UIL sponsors marching, sight reading, solo and group competition opportunities for Texas band students statewide.

As a matter of fact, this year’s Region II marching contest will be held on Saturday, Oct. 22 at the Northwest ISD stadium, off Hwy 114 near the Texas Motor Speedway.

Flower Mound, Marcus and Hebron High School bands all give Guyer real competition for a berth in the Area contest, which will be held in Mesquite later this year.  The winners there will go to UIL band All State in the spring.  Check guyerband.org for details.

The TMEA divides the state into educational regions and selects All State players from each region for its prestigious band, orchestra and choir groups that perform at the annual convention in Austin.

“Guyer’s region is filled with hard-working students,” said Woody. “Our band members have to hustle to excel in UIL and TMEA contests.”

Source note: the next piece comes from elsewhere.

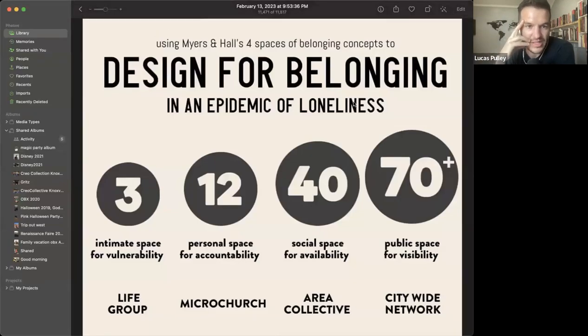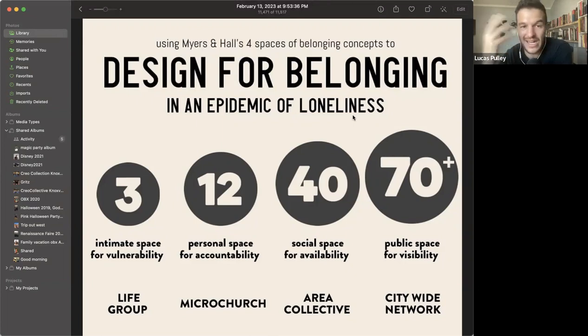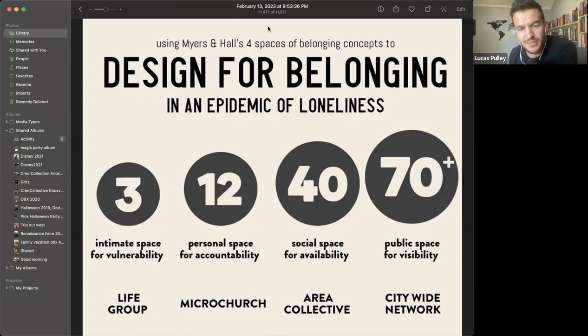Alex is probably referencing the same material — I was building that graphic off of Joseph Myers and Edward Hall's material on the four social spaces. Edward Hall originally came up with those four spaces of belonging. He wrote about it way back in the 60s in a book called 'The Hidden Dimension' — not even a Christian book. He was an anthropologist writing about proxemics, basically talking about the perception of proximity across cultures and how it should be considered in the design of buildings and city planning.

And, the district does not give music students a pass on academic matters.  Failing grades on that front bar participating in shows and contests.

“We had a fabulous year in 2016, with [level] 2 band, 5 orchestra and 2 choir All State students,” she said.

Historically, the military has given birth to marching bands.  John Philip Sousa transferred that feel and sound to his concert bands; and, he invented several instruments–including the Sousaphone–to produce new band sounds.

Today bands perform on the field in one of three marching styles: corps, military and show.

“A corps-style performance is thematic and geometric,” explained Woody. “Military is marching-to-the-battlefield linear and show-style features choreography. Students do not own their uniforms which works out because they’re still growing and will wear one size as a ninth-grader and another their senior year.”

The pants are “bibbers,” like ski pants, which allows different length jackets.  There are gloves and gauntlets, hats and plumes.  Special rubber-sole band shoes are the only student-owned part of the uniform; they enable young feet to do what’s required.

“The uniform design and production process takes about two years,” Amy said, “and the district purchases new uniforms about every 10-years.”  Small school districts are the resale market for used uniforms, which are not allowed to go to waste.

The Guyer Wildcat marching uniform is all black with blue and silver accents.  It’s very snappy.  See it online.

“We wear black gowns and tuxedos, regular concert wear, when we play indoors.”

Personnel involved in the Guyer band program with Woody include the district’s Fine Arts Administrator and her two Assistant Directors—brass instructor Tyler Brinkman and Ellis Hampton, the percussion instructor.

“We have private lesson teachers and part-time staff who teach the dance team and other aspects of our program,” said Woody.

This year’s UIL marching show is titled “Beyond the Frame” meaning the frame of action on an old motion picture reel.  The band brings six different vignettes to life with music and pageantry and evocative photographs that will appear on big screens behind the band and its dance team.

“We will be performing band arrangements of Bach’s Toccata and Fugue, Tchaikovsky’s Dance of the Sugar Plum Fairy, Shostakovich’s Piano Concerto #2, Dukas’ Sorcerer’s Apprentice, Saint-Saen’s Carnival of the Animals and Stravinsky’s Firebird Suite.”

This is one show you won’t want to miss.  If your child will be entering a Denton ISD middle school, band is an elective class; and, seeing the show could help his/her decision-making process.

Woody summed it up this way:  “High school band is a rewarding student experience arising from hard work, as opposed to instant gratification.  It’s something the students and faculty accomplish together.  The show is wonderful, but can’t possibly convey the hard work, sweat, and effort each child had to contribute to the successful whole.”